Bolivia looks to curb fuel smuggling with help of armed forces

LA PAZ (Reuters) – Bolivia’s government has called on the armed forces to tighten border controls to curb the smuggling of state-subsidized fuels, a move it believes will save state coffers some $250 million per year.

Keeping fuel prices steady, currently 3.74 bolivianos ($0.5452) per liter for gasoline and 3.72 bolivianos per liter for diesel, cost Bolivia $1.7 billion last year alone, according to data from state oil firm YPFB.

The proliferation of subsidized fuel on the black market and its use in illegal mining and drug trafficking, “is bleeding Bolivia’s economy,” the nation’s hydrocarbons minister Franklin Molina said at a news conference on Thursday. “We all pay for the subsidy,” he said.
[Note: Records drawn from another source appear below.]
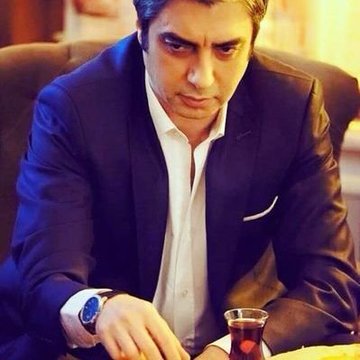 #صورة_ملف_شخصي_جديدة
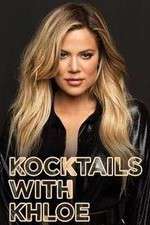 Watch Kocktails with Khloe Watch123movies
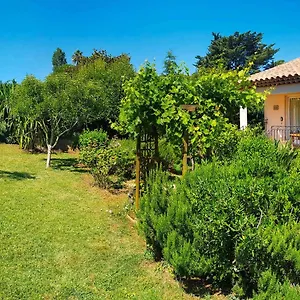 https://orangeraie-du-cap-dantibes.fr-provencehotel.com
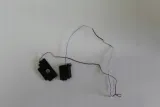 glosniki-lenovo-t510-stan-powystawowy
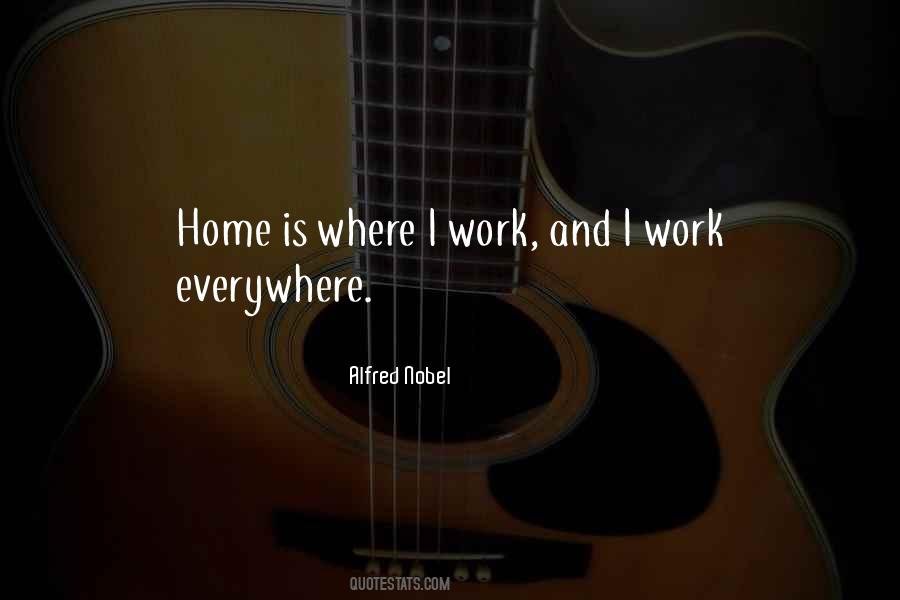 Eleanor Rosch Quotes #903971
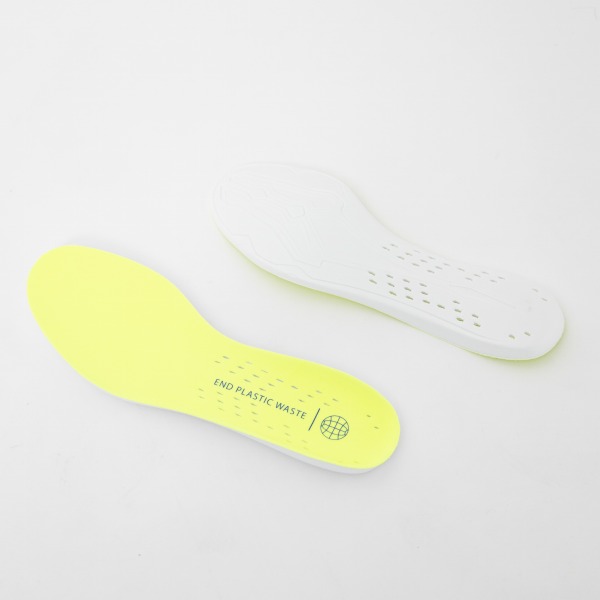 楽天市場】【大特価SALE】アディダス エックス スピードポータル .1 SG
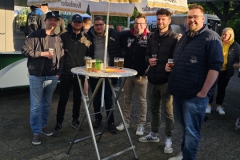 ____________________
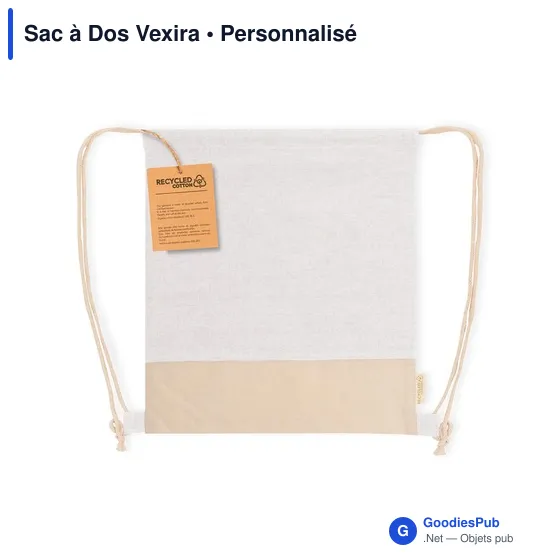 Sac à Dos Vexira - Image 9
The government is calling on the armed forces, police, customs and YPFB personnel to beef up oversight, a move aimed at averting fuel shortages in the upcoming farming season in Santa Cruz region, the Andean nation’s largest food producer.

Bolivia is committed to protecting its subsidy-reliant, big-state economic model despite deficit risks and is planning an “aggressive” push into gas exploration, the economy minister told Reuters in late December.

The landlocked nation is a key gas producer and subsidizes the sector to rein in fuel prices as well as the production of goods and services. This has helped control inflation.